* **Source material**:
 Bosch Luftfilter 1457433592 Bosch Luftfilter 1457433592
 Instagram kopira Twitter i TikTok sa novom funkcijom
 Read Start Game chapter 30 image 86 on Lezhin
--
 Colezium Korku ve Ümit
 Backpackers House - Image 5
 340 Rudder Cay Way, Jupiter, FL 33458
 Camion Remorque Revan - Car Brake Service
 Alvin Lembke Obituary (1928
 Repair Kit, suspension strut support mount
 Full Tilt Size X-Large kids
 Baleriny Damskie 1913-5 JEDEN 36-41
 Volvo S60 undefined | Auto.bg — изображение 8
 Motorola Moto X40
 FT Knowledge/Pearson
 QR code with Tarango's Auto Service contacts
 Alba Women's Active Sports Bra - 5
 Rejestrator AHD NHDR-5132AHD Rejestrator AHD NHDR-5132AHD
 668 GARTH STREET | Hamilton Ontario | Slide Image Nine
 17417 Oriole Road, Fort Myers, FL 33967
---
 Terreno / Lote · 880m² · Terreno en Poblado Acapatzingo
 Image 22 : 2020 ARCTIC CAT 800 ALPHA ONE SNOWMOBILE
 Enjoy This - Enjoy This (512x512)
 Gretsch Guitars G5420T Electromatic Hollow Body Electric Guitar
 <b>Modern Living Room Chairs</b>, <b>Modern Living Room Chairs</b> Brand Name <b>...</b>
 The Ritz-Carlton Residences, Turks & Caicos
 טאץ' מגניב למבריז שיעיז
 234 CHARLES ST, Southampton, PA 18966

* **Your goal**: In the listing above, locate the line containing "Colezium Korku ve Ümit" and the line containing "Alba Women's Active Sports Bra - 5", then transcribe both and every line between them verbatim.

* **Finished task**:
 Colezium Korku ve Ümit
 Backpackers House - Image 5
 340 Rudder Cay Way, Jupiter, FL 33458
 Camion Remorque Revan - Car Brake Service
 Alvin Lembke Obituary (1928
 Repair Kit, suspension strut support mount
 Full Tilt Size X-Large kids
 Baleriny Damskie 1913-5 JEDEN 36-41
 Volvo S60 undefined | Auto.bg — изображение 8
 Motorola Moto X40
 FT Knowledge/Pearson
 QR code with Tarango's Auto Service contacts
 Alba Women's Active Sports Bra - 5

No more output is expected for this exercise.